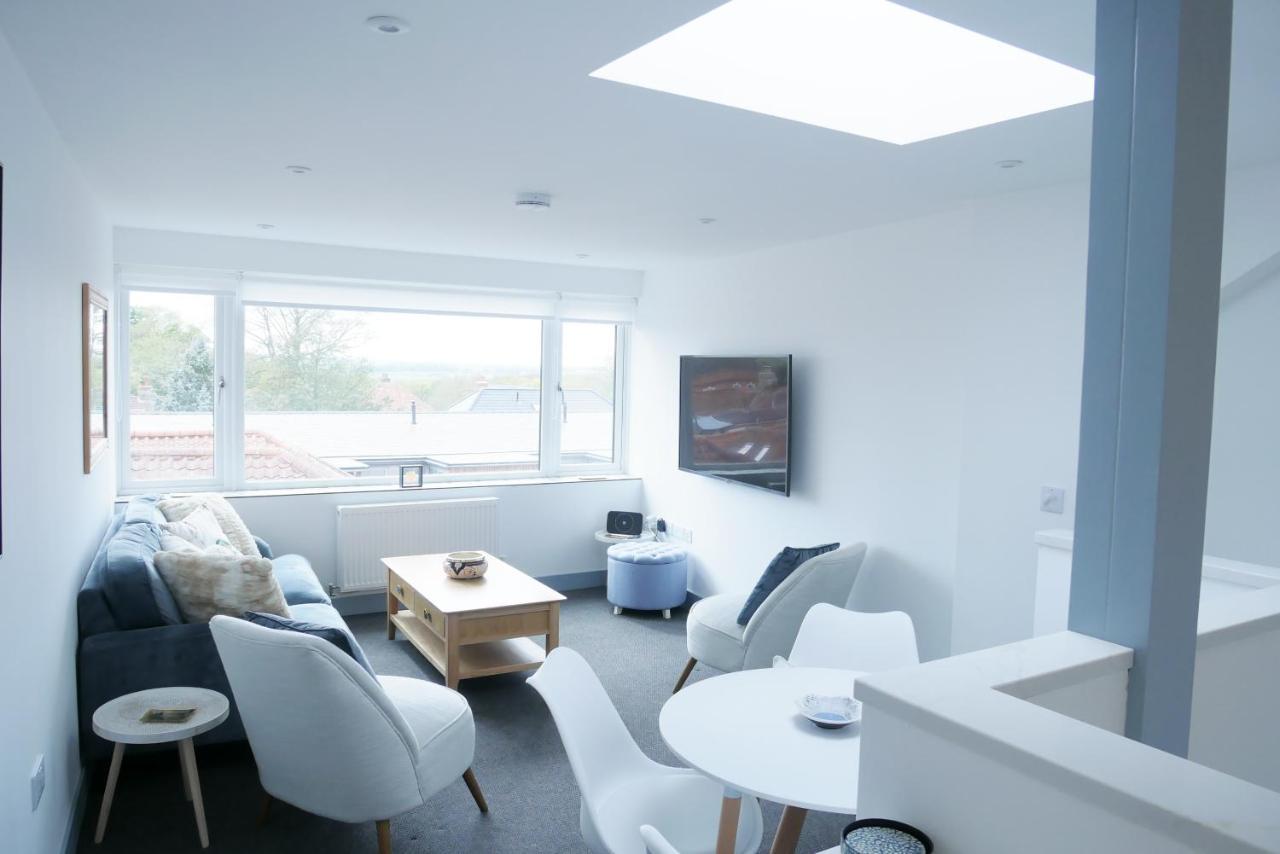 Sunset View, 2 Bedrooms In The Heart Of Holt With Parking المظهر الخارجي الصورة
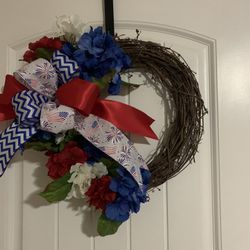 Patriotic Grapevine Wreath With Bow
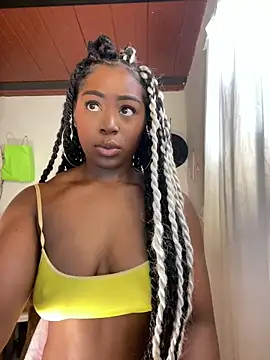 Cynthia es online show from 04/13/26, 03:06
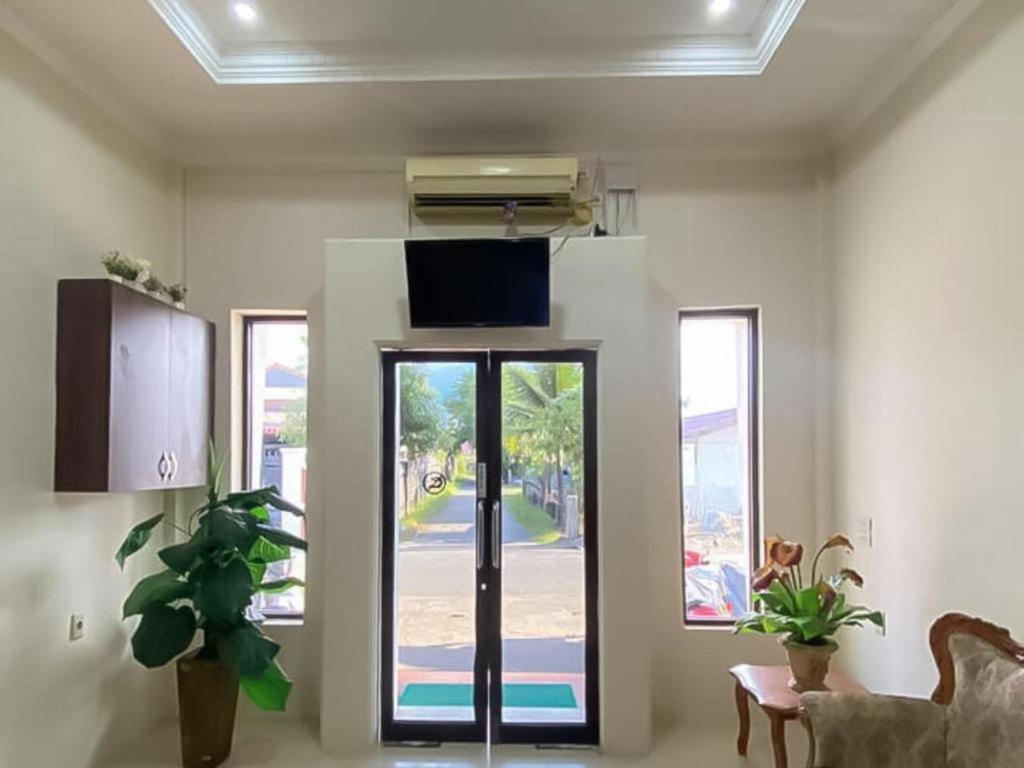 Grand Emperom Mitra Reddoorz 2* Banda Aceh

·····

Copy out nothing but text: transcribe the listing exactly and skip each picture.

 Sunset View, 2 Bedrooms In The Heart Of Holt With Parking المظهر الخارجي الصورة
 Patriotic Grapevine Wreath With Bow
 Cynthia es online show from 04/13/26, 03:06
 Grand Emperom Mitra Reddoorz 2* Banda Aceh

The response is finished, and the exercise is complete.